2. Who should request one?
Everyone. A home inspection isn’t about checking off boxes. It’s about protecting your investment, feeling confident that your family is safe, and making informed decisions about future out-of-pocket expenses and potential upgrades.
3. When would a buyer not need one?
On the rare occasion that someone is purchasing a home from their parents or a family member, they may choose to forgo a home inspection due to the fact that they are already familiar with the property. However, we strongly recommend, even if merely for insurance, warranty, or documentation purposes, that each real estate transaction accompany a thorough inspection by a licensed inspector. It’s a small investment that could save you from a huge headache down the road.
4. How often are the codes updated?
It varies. Codes are evaluated and adopted by TREC regularly depending on changes in building materials, technology, improvements in construction, and government regulation. Inspectors are required to attend continuing education classes to stay informed of any updates.
5. What are some repairs you would encourage a professional technician?
Throughout the inspection report you will see recommendations that state the need for a “certified professional” to replace or repair deficiencies. It doesn’t mean that it has to be done today, we just suggest reaching out to an expert if you choose to have these items remedied or updated. However, anything in the electrical section of the report should be handled by a certified electrician, always. We want to make sure your home is safe and secure above all else. Talk with the inspector and have them walk you through their findings as it relates to typical wear and tear versus a safety hazard.

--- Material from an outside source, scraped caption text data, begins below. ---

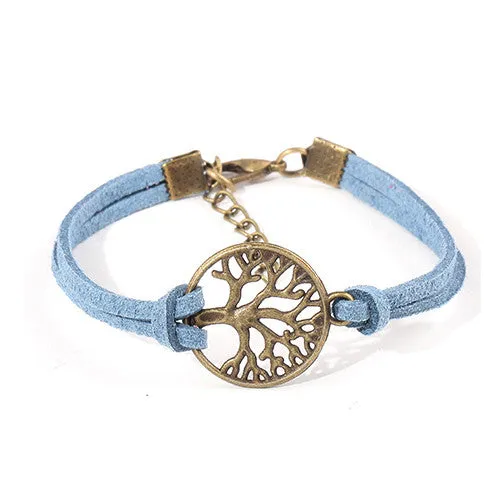 New hot sale 100% Fashion Vintage hand-woven Rope Chain Leather Bracelet Metal tree charm bracelets jewelry for women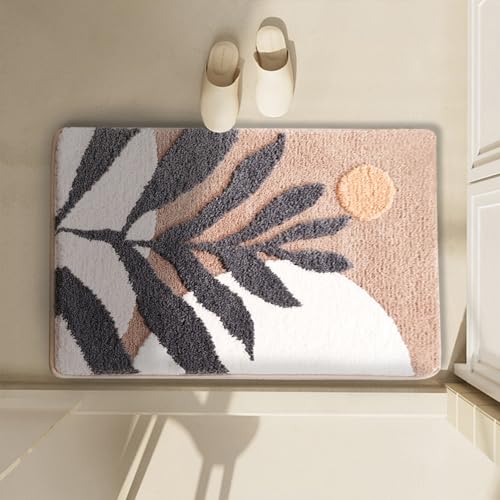 mamrug Bath mat Rug Boho Plant Abstract Art Brown Washable Bathroom Rugs,Non-Slip Shaggy Water Absorbent Flocking Microfiber Soft Fluffy Botanical Bathmats Doormats Rectangle 19.7x31.5 inch - Image 2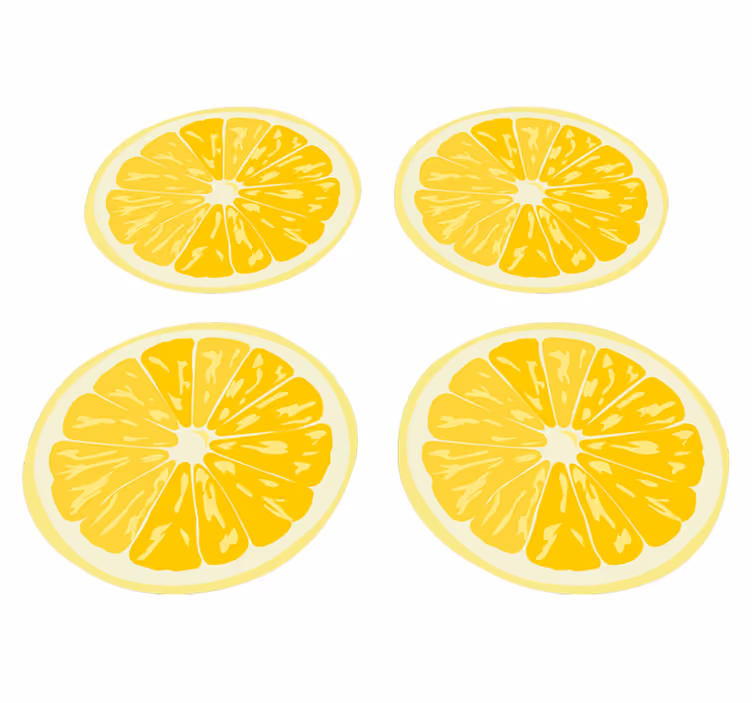 Tapis vinyle cuisine autocollants citrons tranchés - TenStickers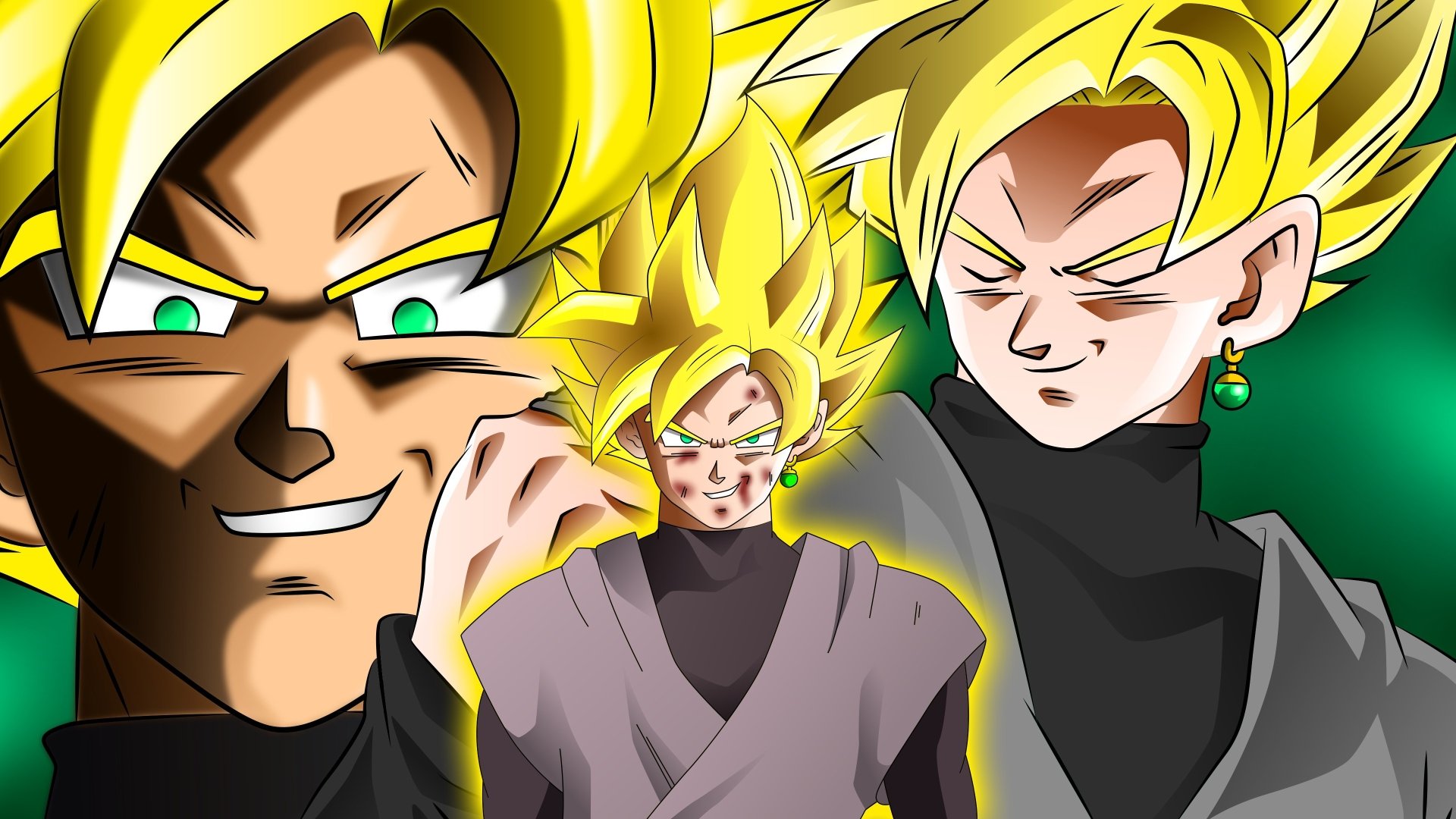 4K Ultra HD Dragon Ball Super wallpaper featuring three Super Saiyan Black Goku poses: menacing close-up, glowing full-body with aura, calm side profile with Potara earring.
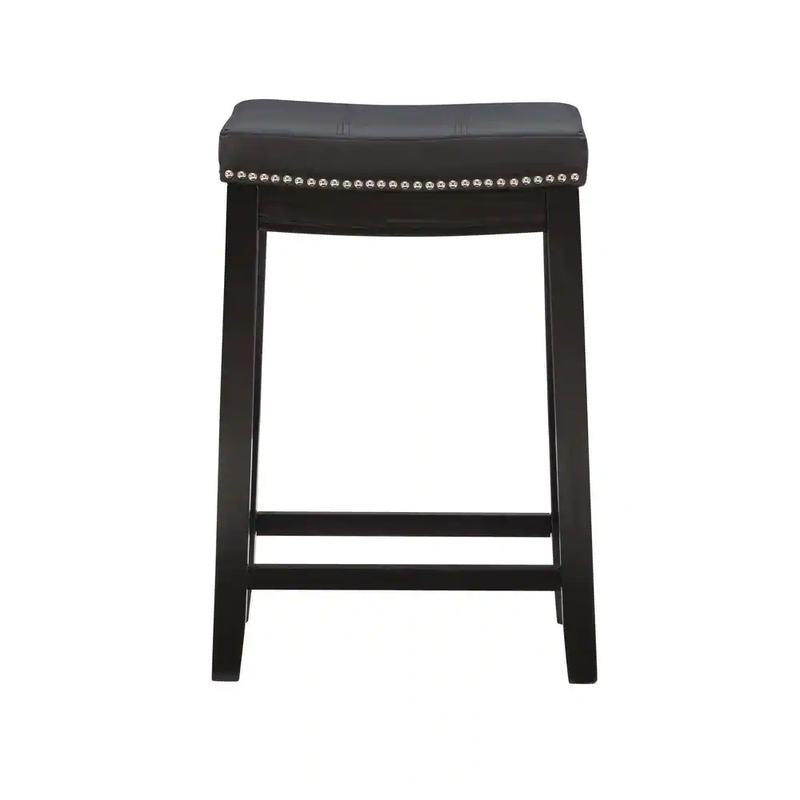 Concord Black Wood Frame Counter Stool with Padded Black Faux Leather Seat New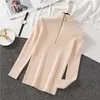 Kvinnors tröjor Sexig Turtleneck tröja Kvinnor Autumn Winter Clothes Sueter Mujer Zip Christmas Sweaters Pink Fashion Pullovers Ladies 231007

6. Any DIY repairs acceptable?
The issue we come across with DIY repairs is that everyone has a different level of expertise when it comes to home improvements. Again, my best advice is to talk with your inspector face-to-face or over the phone and ask them questions about any deficiencies marked on the report. There are items we are legally required to cite, but are by no means a “deal breaker.”
7. Can a buyer request their own inspector or does the realtor / agent have the authority?
Inspections are paid for by the buyer, so they can pick whichever inspector they would like to work with. Realtors are a great resource to ask for recommendations since they work with many inspectors on a regular basis. Ultimately, it’s a great idea to see which inspectors are available and willing to give their clients the absolute best service.
8. What are major findings that can cause some issues down the road?
The “big five” fall under what some inspectors call a five point inspection. If your inspector marks deficiencies with the foundation, plumbing, electrical, HVAC, or roof, it’s a good idea to have these evaluated by a licensed professional before the expiration of the buyer’s option period.
9. How Is the home inspection different on an existing home vs a new build.
With existing homes, we have to take into consideration the building codes adopted when the home was built. We may have to mark something deficient due to the current year’s codes that simply didn’t exist twenty or thirty years ago. Most inspectors will explain these changes, but don’t be afraid to ask about how the building codes and expectations have changed since the home was built. Both buyers and inspectors expect to see more “normal wear and tear” documented on existing homes than new builds.
10. These are questions coming from buyer/seller perspective. Do you have any additional insight into the home inspection process?
Go to the last 30 minutes of the inspection. Ask questions. Find an inspector who is willing to make sure you feel comfortable with your purchase. They have the best insight into the place you’re about to call home. If you have any questions about what to expect from the home inspection process, we are here to help.
Disclosure- I have hired Josh’s service to for a pre-drywall inspection.